Navigating a slower, riskier world

Taken together, the evidence in the updated volume of The Economic Consequences of the Second Trump Administration depicts a global system that is becoming more inward-looking and more vulnerable to shocks emanating from Washington.

For eight decades, the US supplied essential global public goods: military protection that deterred great-power conflict, a rules-based international trading system, and financial stability anchored in US capital markets and the dollar’s international role. While this leadership served US strategic interests, the US administration argues that the US role in providing such public goods imposes too great a domestic cost, contributing to deindustrialisation and persistent trade deficits.

The result is an increasingly fragmented global economy. The administration’s early withdrawals from the Paris Agreement, the World Health Organization, and multiple treaty commitments – combined with steep cuts to development, health, and humanitarian programmes – signal an ideological shift: multilateral institutions are viewed less as providers of public goods than as constraints on national sovereignty. This retreat weakens collective action, as reduced US engagement erodes cross-border data networks, cooperation, and technological diffusion.

The cumulative effect is a widening erosion of trust in global rules and institutions. When the US treats international commitments as optional and deploys economic leverage more openly, others follow suit. Already, the consequences are visible: higher risk premiums, declining cross-border investment, slower technological diffusion, and an accelerating unravelling of the norms that have underpinned global peace and prosperity since 1945.

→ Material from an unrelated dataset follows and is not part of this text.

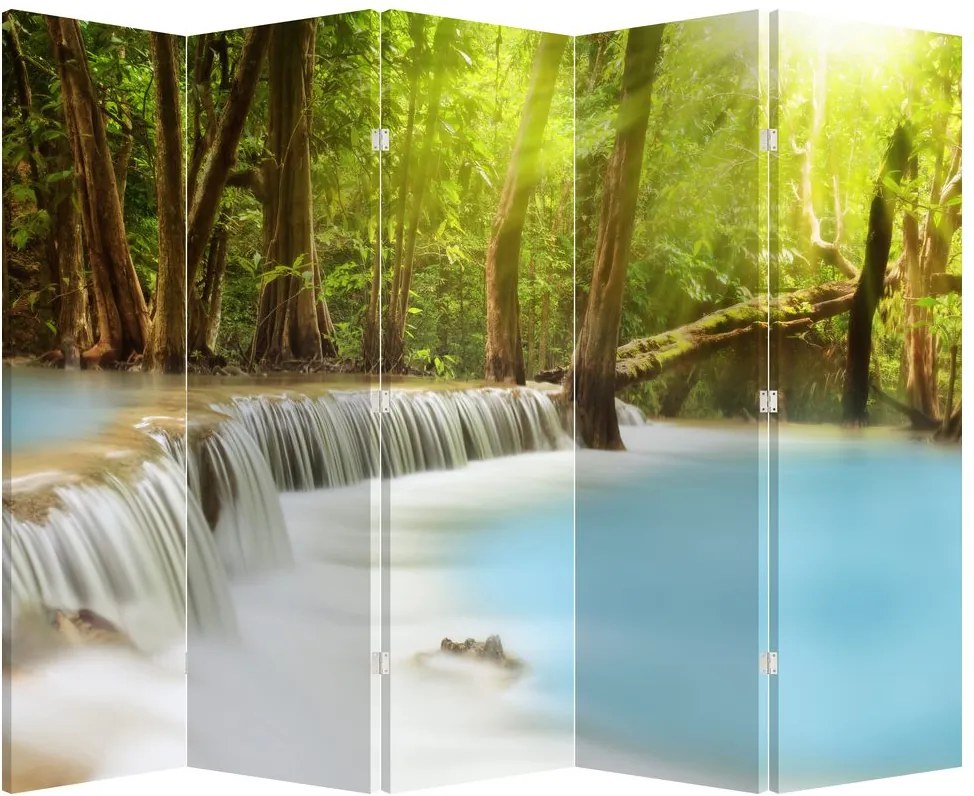 Paravan - Cascada Huai Mae Kamin în pădure (210x170 cm)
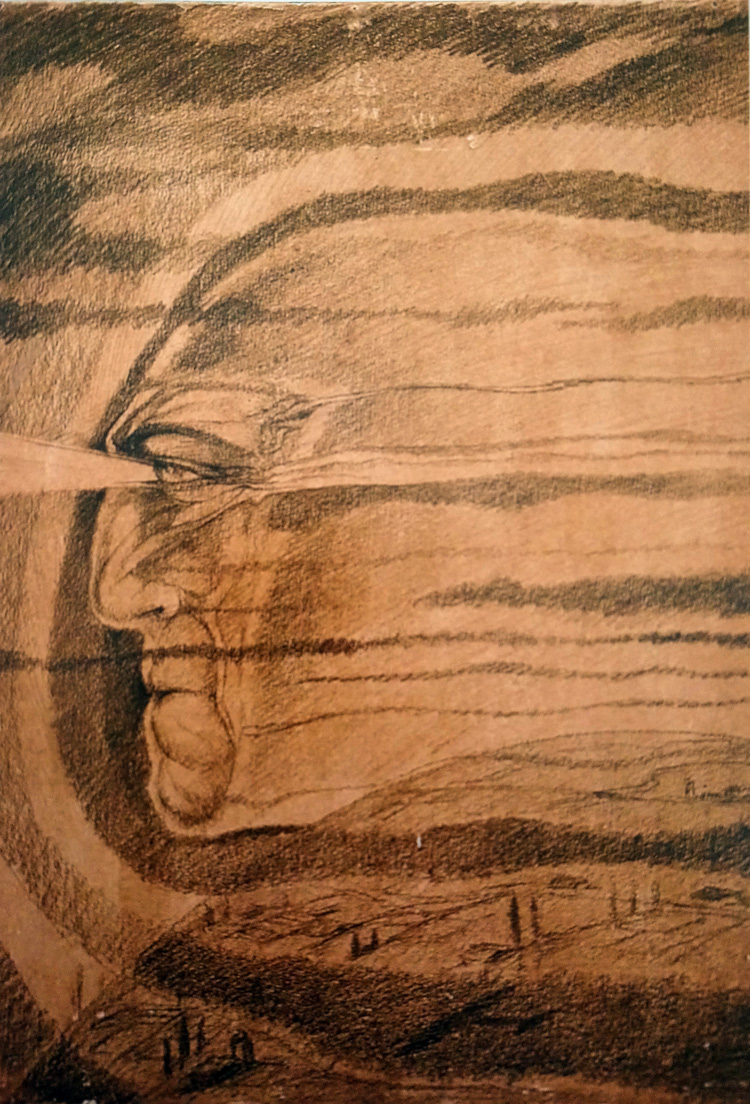 Enrico Chin Castellani, Aviatore di guerra (1916; matita su carta pergamenata, 345 x 250 mm; Collezione privata)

The challenge internationally is therefore two-fold. First, countries must adapt to a more transactional and unpredictable US partner by diversifying trade and financial links, strengthening domestic resilience, and deepening regional cooperation. Second, they must sustain elements of the rules-based order, at a time when the system’s traditional anchor is increasingly unwilling to provide global public goods.

The second edition of The Economic Consequences of the Second Trump Administration does not claim to deliver a final verdict. The administration is still young, policies are evolving, and the global economy has thus far shown remarkable resilience. But the direction of travel is unmistakable: towards a world with higher trade barriers, weaker institutions, and more fragile growth. Policymakers, firms, and households should prepare accordingly.